Per ora siamo all’assestamento dell’offerta politica in vista della campagna vera e propria che sarà molto breve e seriamente prenderà il via al rientro dalle vacanze della maggior parte degli italiani. In questi giorni assistiamo, oltre ai soliti tentativi di delegittimazione reciproca tra coalizione e partiti, alla negoziazione all’interno delle coalizioni o all’interno dei singoli partiti per il posizionamento dei singoli candidati nei colleghi uninominali considerati vincenti (sulla base dei sondaggi) dai singoli attori e nelle circoscrizioni dove i partiti si presentano con le proprie liste.
In breve:
– il centro destra è prevalentemente rappresentato da forze politiche (come FdI e Lega) tipiche dei partiti e movimenti sovranisti e nazionalisti in molti paesi europei con un profilo conservatore (e reazionario) rispetto a molte issues politiche: dai diritti civili, all’Europa, all’immigrazione ecc. Circa la politica estera, la posizione di Lega e FI è molto meno vicina alla Nato (sirene filo russe?) rispetto alle dichiarazioni di Meloni che a parole si presenta molto filo atlantista (e da subito, il 24 febbraio scorso, pro Ucraina). Vedremo nel corso della campagna elettorale se il programma di coalizione prenderà coerenza soprattutto rispetto ai vincoli imposti dall’Agenda Draghi (a partire dal PNRR) e alle priorità in termini di politica economica e fiscale, oltre alla politica estera;
– il centro sinistra è dominato dal Pd, il partito più ‘istituzionale’ e contemporaneamente alla ricerca perenne di una identità tra la vocazione socialdemocratica (prevalente all’interno del partito), cattolico-popolare e liberal (minoritaria e incapace, dai tempi di Veltroni segretario, di imporsi). La mancanza di coraggio nella scelta identitaria (chi siamo e che cosa vogliamo), fa del Pd e dell’intera coalizione un arcipelago incompiuto e spesso poco attraente nei confronti di un elettorato che vada oltre i propri confini geografici (Emilia Romagna e Toscana, i principali centri urbani e metropolitani) e di appartenenza categoriale (prevalentemente il settore pubblico). In ogni caso, sia dentro il PD sia nella colazione, molte scelte circa le alleanze (si veda il rapporto, per ora interrotto, con il M5S) hanno creato una conflittualità latente che potrebbe esplodere subito dopo il 25 settembre;
– il M5S è alle prese sia con un problema di leadership, essendo il suo presidente, Giuseppe Conte, molto poco rappresentativo e incisivo, sia di consenso elettorale, visto che la maggior parte dei militanti ed elettori chiede di ritornare alle origini con una proposta di rottura dei limiti di compatibilità del sistema.
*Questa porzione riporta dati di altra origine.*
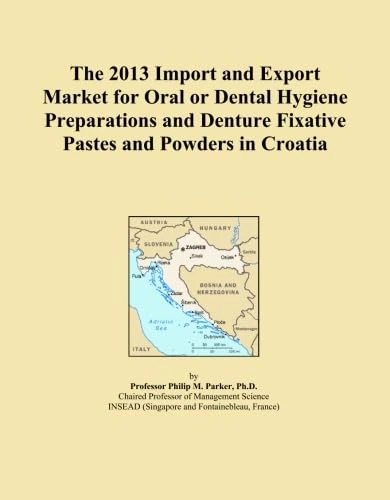 The 2013 Import and Export Market for Oral or Dental Hygiene Preparations and Denture Fixative Pastes and Powders in Croatia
Dopo l’esperienza governativa in tutta la XVIII legislatura, il tentativo, estremamente arduo, del M5S è di rivitalizzare un elettorato di opinione fortemente deluso e disincantato rispetto alle aspettative non mantenute dal movimento stesso;
– infine, la scommessa del cosiddetto Terzo Polo. I due leader, Calenda e Renzi, anche per via della loro biografia politica recente (l’uno già Ministro e l’altro Presidente del Consiglio dei Ministri per oltre 2 anni e 9 mesi), si presentano agli elettori come i veri riformisti ed eredi dell’Agenda Draghi. Il loro consenso (per ora molto di nicchia) dipenderà da come sapranno comunicare agli elettori la strategia dal punto di vista della futura strutturazione partitica (se e con quali alleanze), oltre che quella programmatica, all’interno di una cornice ben conosciuta: quella della tradizione politica liberal-democratica.
In ogni caso, i temi scottanti da affrontare, dalla politica estera, al ruolo dell’Italia nell’Unione europea, alla politica economica, energetica, ambientale, dell’immigrazione, ai temi del welfare ecc. sono tali da pretendere dalle forze politiche e dai loro leader in competizione una grande responsabilità e lungimiranza, caratteristiche queste del vero politico!